**Recorded information**.
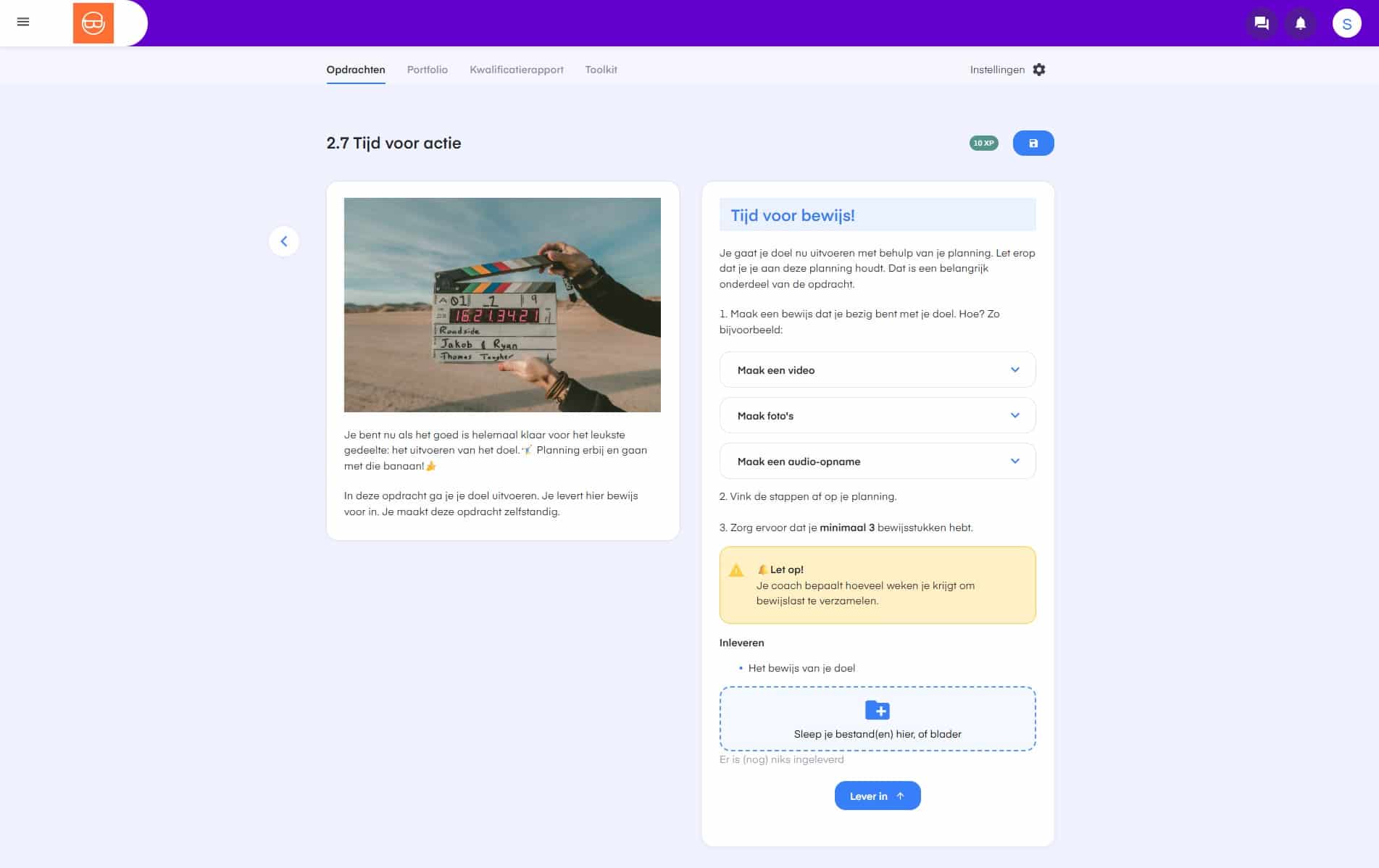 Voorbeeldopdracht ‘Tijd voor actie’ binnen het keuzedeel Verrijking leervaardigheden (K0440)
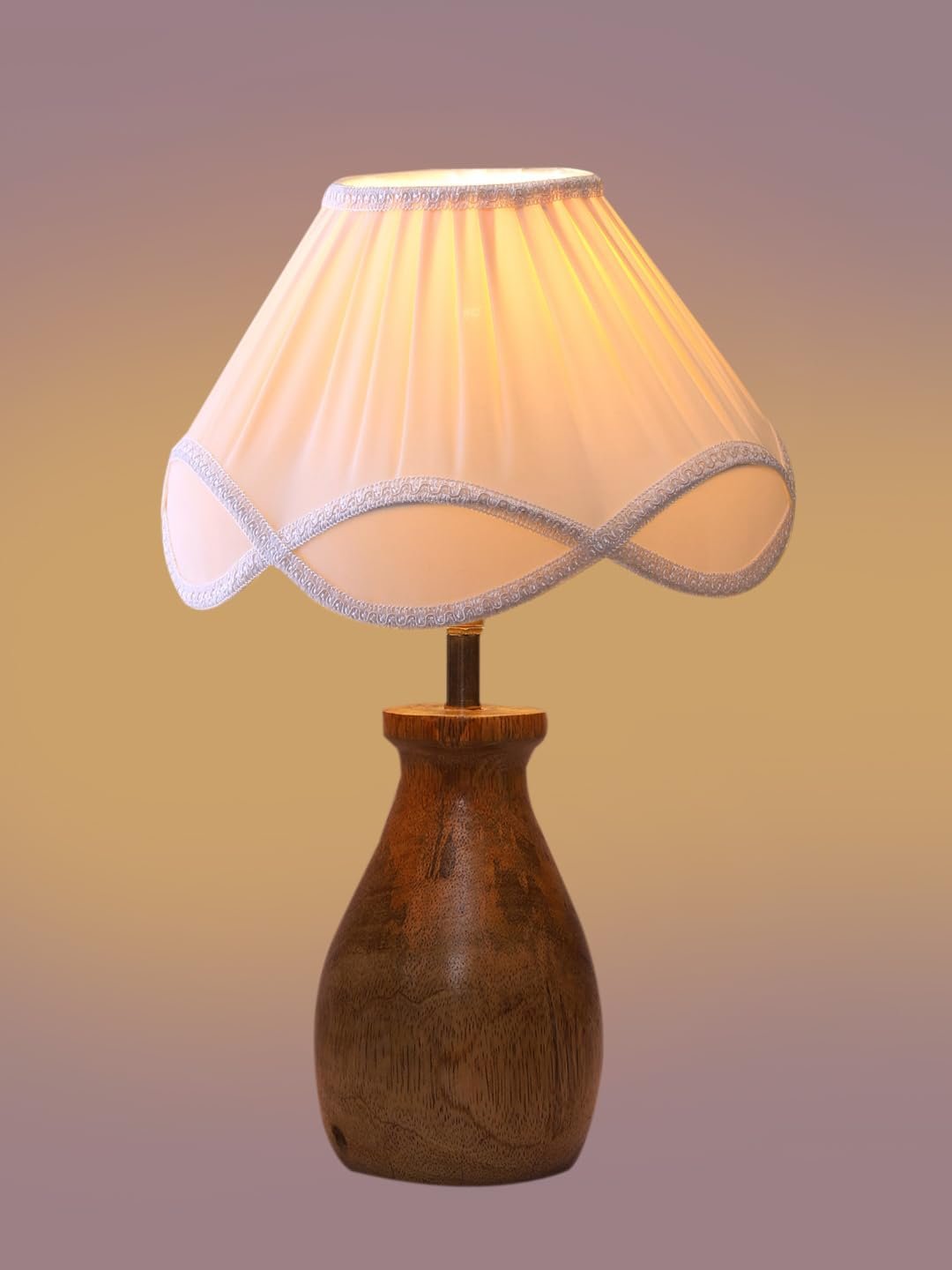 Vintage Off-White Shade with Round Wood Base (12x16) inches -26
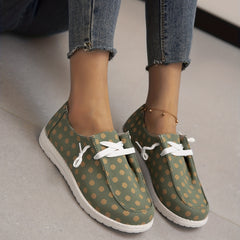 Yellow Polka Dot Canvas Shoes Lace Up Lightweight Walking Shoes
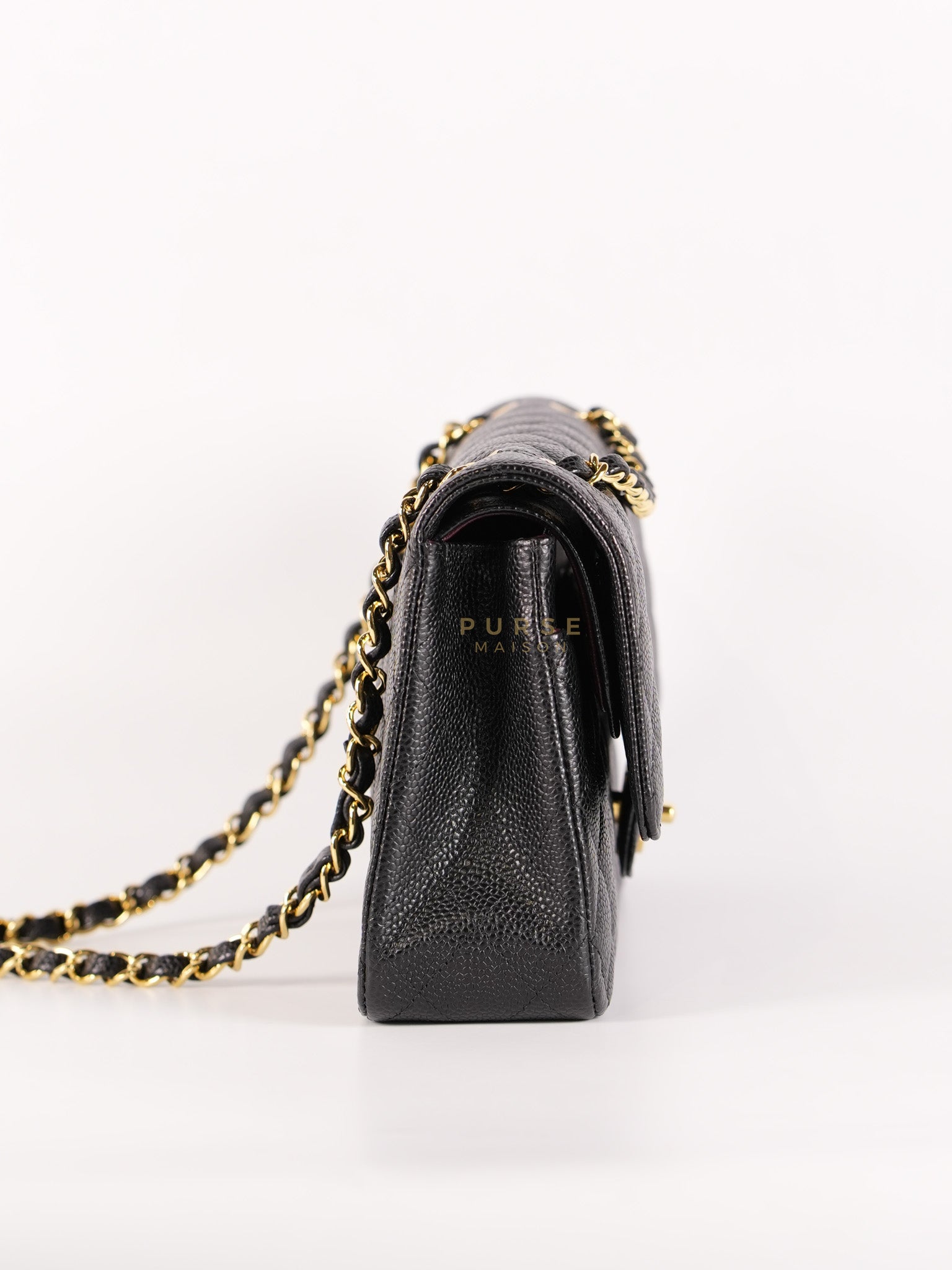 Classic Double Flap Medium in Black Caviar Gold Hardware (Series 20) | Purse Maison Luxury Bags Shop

**Exercise instructions**. Exactly those lines that run from the line holding "Vintage Off-White Shade" to the end of the listing above, both included, are to be reproduced, with pictures left out.

**Reply**.
 Vintage Off-White Shade with Round Wood Base (12x16) inches -26
 Yellow Polka Dot Canvas Shoes Lace Up Lightweight Walking Shoes
 Classic Double Flap Medium in Black Caviar Gold Hardware (Series 20) | Purse Maison Luxury Bags Shop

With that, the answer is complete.